2The parameters of the dispute centred on the definition of what constituted “suitable employment”. The Defendant submitted that Mr Ali’s earnings and job capacity deployed in Egypt should be transposed to the Australian market in Australian dollars. The Plaintiff submitted that this was inconsistent with the meaning of “suitable employment” in the WIRCA. The Plaintiff submits that the Plaintiff’s situation must be assessed as it is in Egypt with the currency converted from Egyptian pounds to Australian dollars to allow for the comparison required in s 325(2)(f)[1] to be made.
[1] Workplace Injury Rehabilitation and Compensation Act 2013 (Vic), s 325(2)(f)
3For the reasons which follow, I do not accept the Defendant’s arguments.
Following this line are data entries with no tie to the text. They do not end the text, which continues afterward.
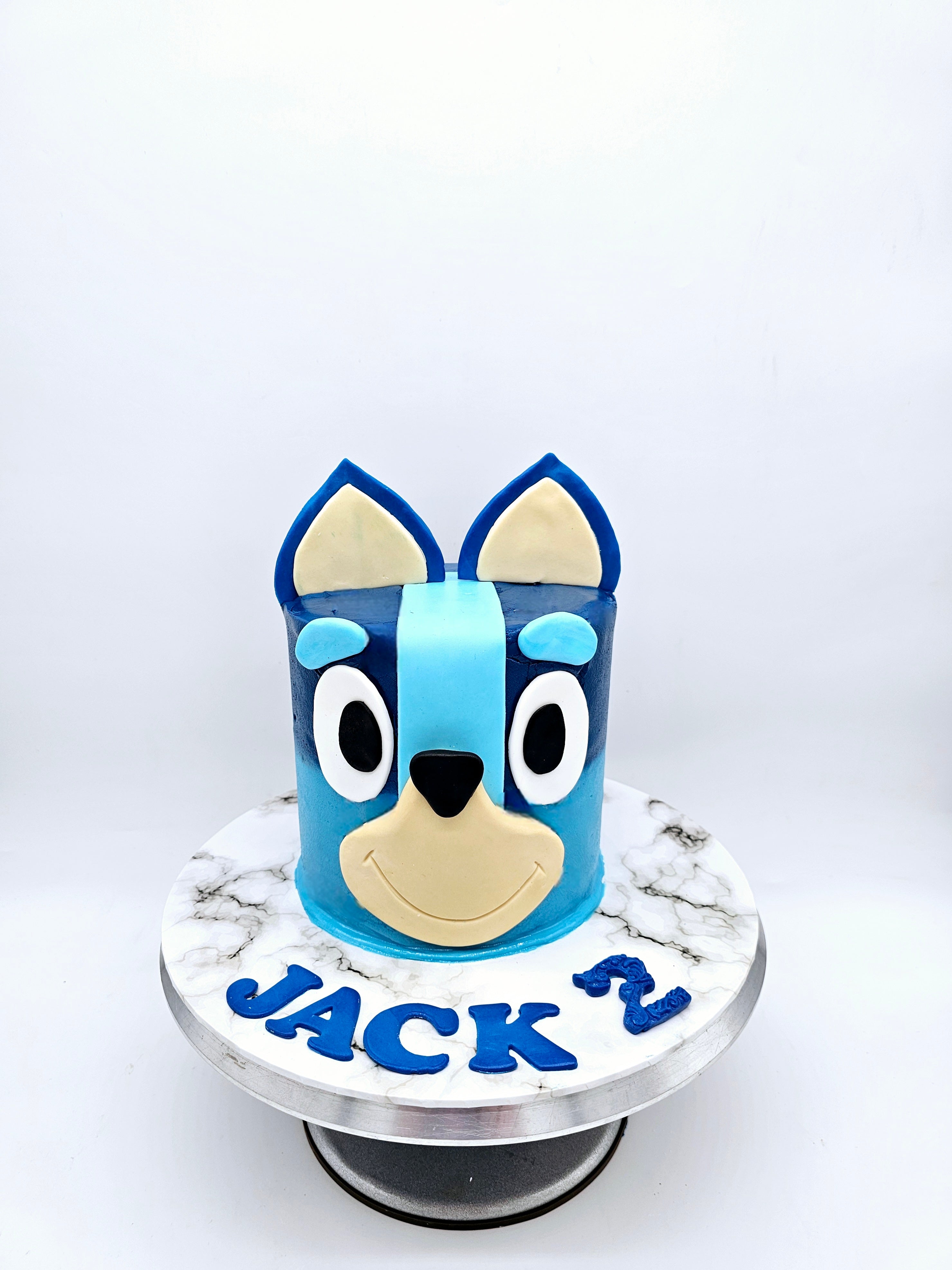 Full front view of a Bluey-themed second birthday cake made by Cake Secret, featuring the 3D face of Bluey in blue and beige fondant, with the name Jack and the number two in blue fondant, displayed on a marble-effect cake stand.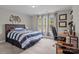 Bright bedroom with a large bed, desk, and natural light from the windows at 2336 Beth Haven Church Rd, Denver, NC 28037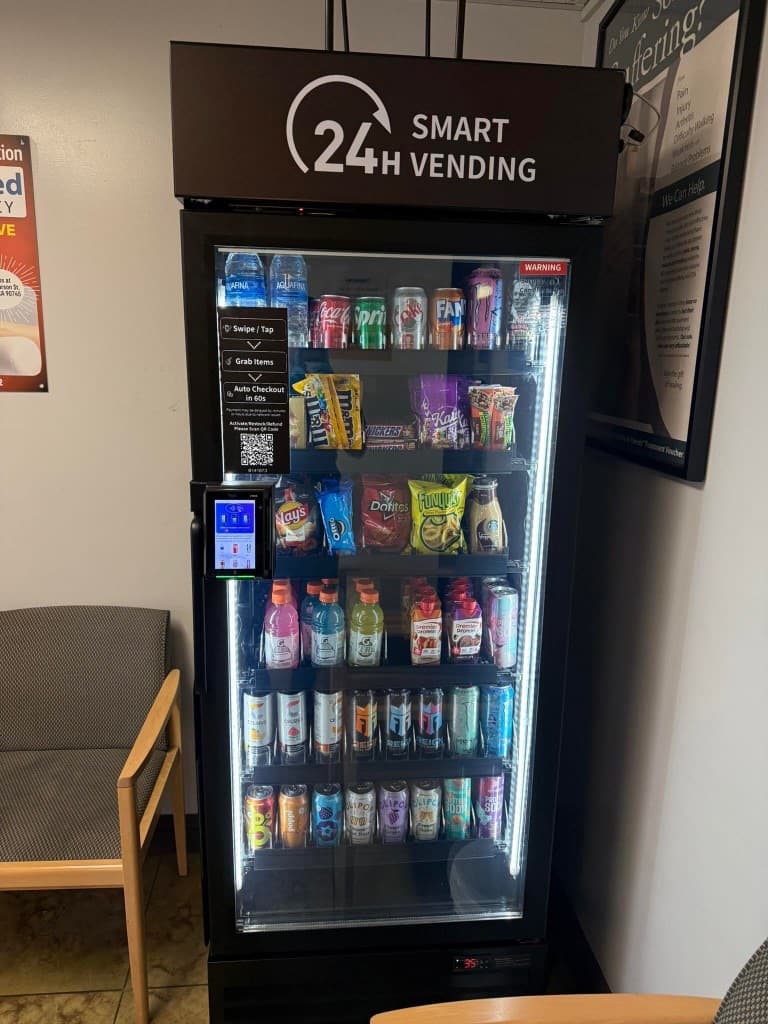 Smart vending machine in a waiting area with snacks and beverages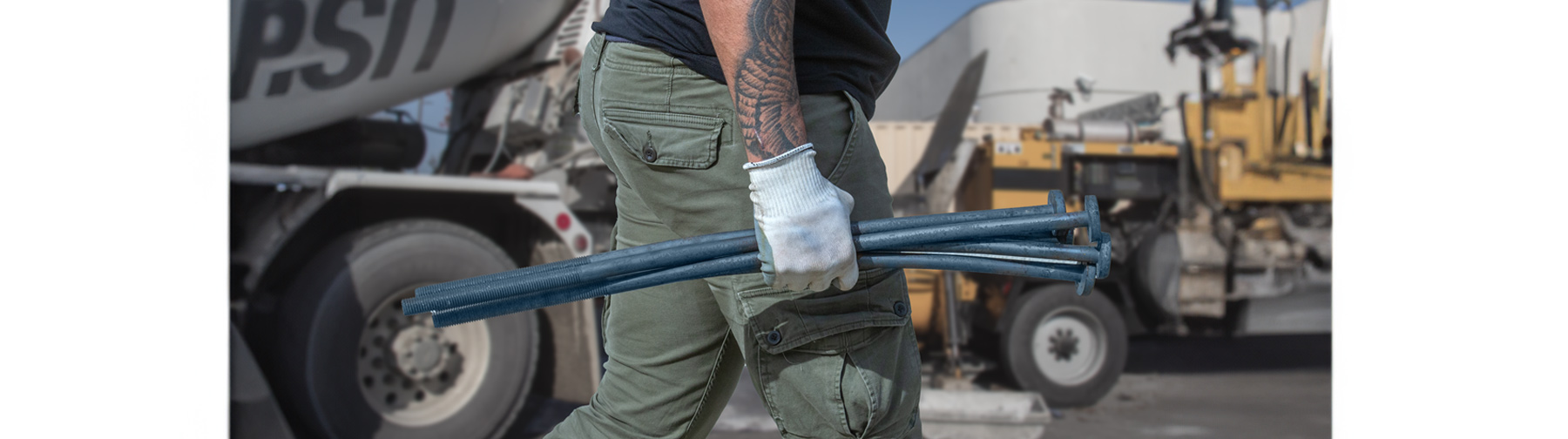 Man with white glove holding a hand full of SABR Anchor bolts on a construction site wearing green cargo pants and black tee shirt.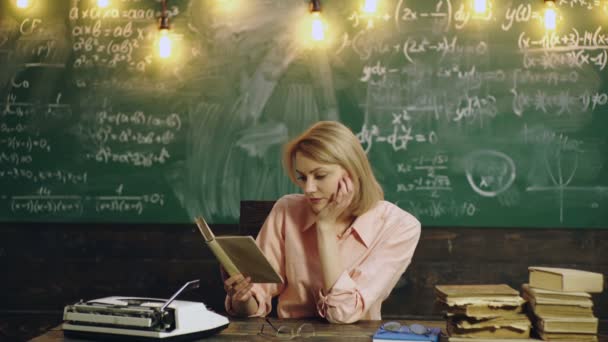 Enseignante assise dans la salle de classe tout en lisant et en écrivant sur le livre. Étudiant étudiant près du tableau noir devant sur le tableau noir. — Video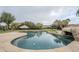 Relaxing pool with a rock waterslide feature at 24435 S 195Th St, Queen Creek, AZ 85142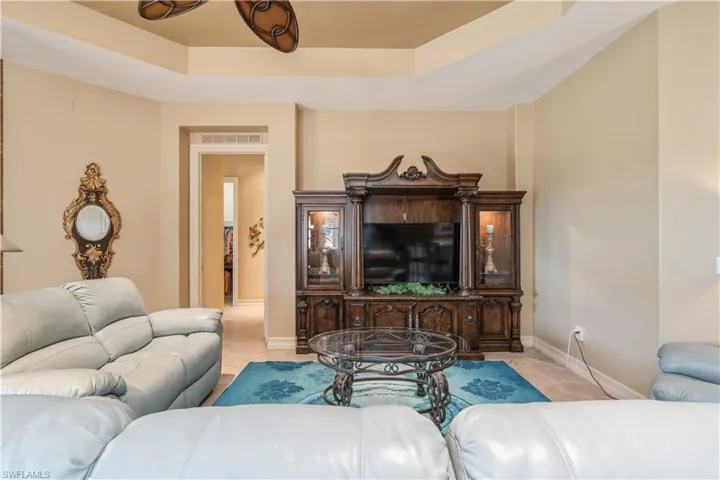 Living room with light tile patterned flooring and a raised ceiling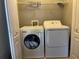 Convenient laundry room with washer, dryer, and storage, perfect for everyday tasks at 20 Pine Canyon Sw Dr # 41, Atlanta, GA 30331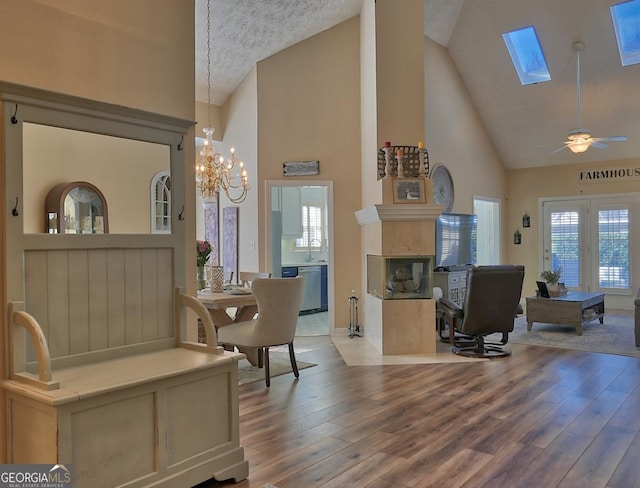 dining space featuring a skylight, a tiled fireplace, high vaulted ceiling, and wood finished floors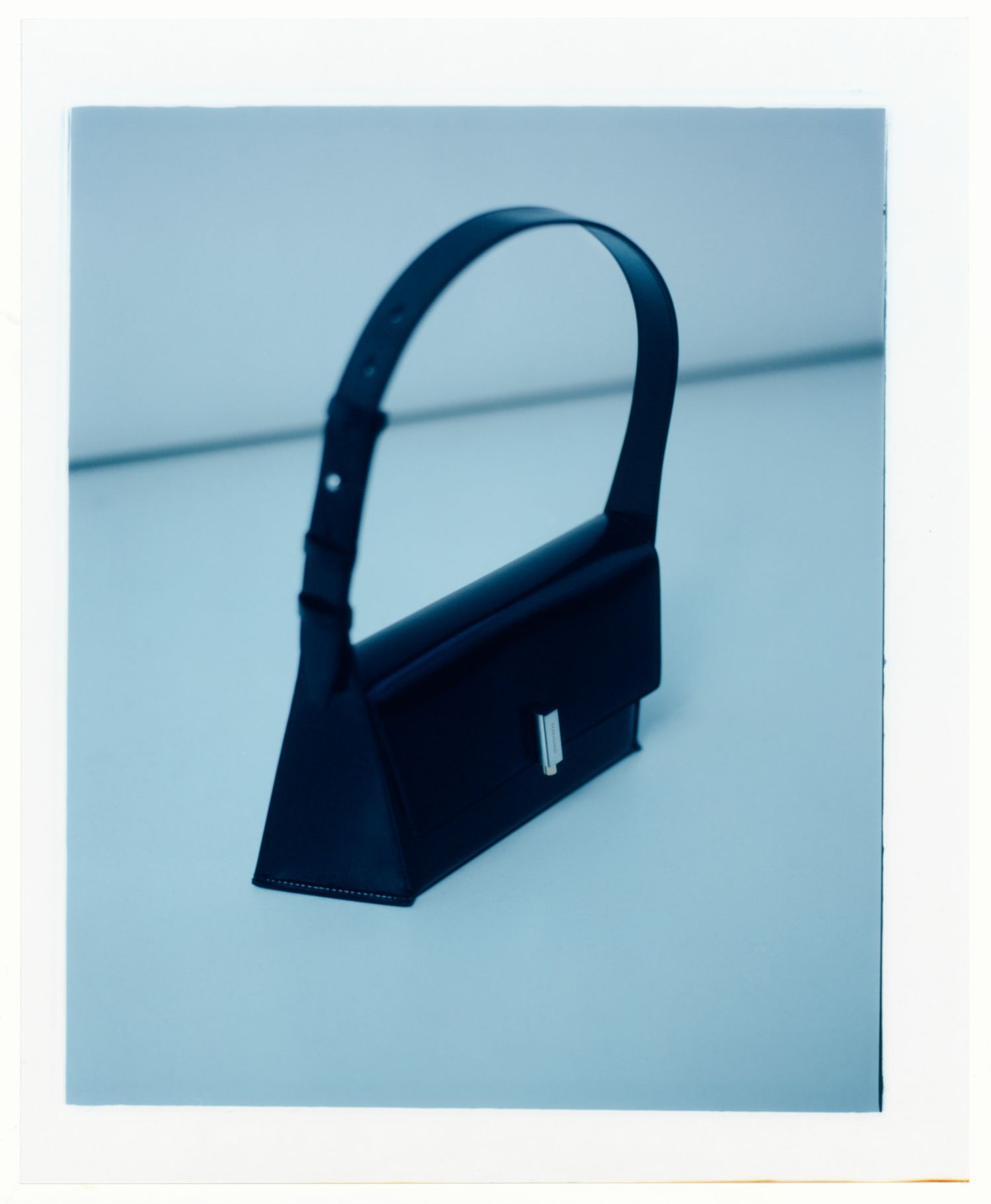 Black Geometric Shoulder Bag by Ferragamo, The Duality of Dressing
I prefer the construction of the WIRCA proffered by the Plaintiff for the reasons set out below.
Facts
4Mr Ali was born in September 1984 in Cairo, Egypt. Between 2002 and 2008 he completed dentistry training and then worked as a dentist for approximately three years. He came to Australia in 2010 on a 485 Graduate Skill visa. He initially worked in Perth as a dental technician while doing a dental technology course. While in Perth, he successfully applied for a position as a dental technician for Andent Pty Ltd at 20 Collins Street, Melbourne. He was successful in that application and moved from Perth to Melbourne in October 2013. He was earning, at that stage, $45,000 gross per annum approximately. In July 2014, he moved from the Andent practice to an associated company known as Dentmill Pty Ltd in Collingwood. Dentmill was an associate company of Andent and manufactured dental prosthetics. The director of both Andent and Dentmill was the same, being Barry Smith. Barry Smith’s son was Kurt Smith, and he managed the Dentmill factory in Collingwood.
5After moving to Dentmill in Collingwood in July 2004, Mr Ali increased his salary to $55,000 plus superannuation, gross per annum.
6Mr Ali alleges that from late 2014, he began to suffer from verbal abuse and harassing behaviour from Kurt Smith at the Dentmill factory. The details of this have not been ventilated and do not bear on the outcome of this case.
7Relevantly, the Plaintiff’s 485 Graduate Skill Visa was due to expire in February 2015. He approached Barry Smith to assist with transferring to a different sponsored visa which would eventually lead to permanent residency. The evidence was that Barry Smith was supportive of this suggestion and undertook to help advance Mr Ali’s visa application.[2] His evidence was that he loved his work with the Defendant. He was working full time. He gave evidence that he was positive, motivated, and hardworking. He gave evidence that his plan was to live a full life in Australia with his family.
[2]Plaintiff’s affidavit at Plaintiff’s Court Book (“PCB”) 25, at paragraph [15]
8Mr Ali gave evidence via affidavit that Kurt Smith’s behaviour towards him worsened during the end of 2014 and the beginning of 2015.[3] Ultimately, it led to the Plaintiff making a WorkCover claim on 16 February 2015.[4] Shortly afterwards, on 18 February 2015, Mr Ali tried to commit suicide by hanging.[5] He was fortunately found and transferred by ambulance to The Alfred Hospital. He remained an inpatient at the psychiatric ward of The Alfred until 24 February 2015. Shortly afterwards, he began seeing Dr George Camilleri at the Melbourne Clinic[6] and remained under his care for a significant period of time.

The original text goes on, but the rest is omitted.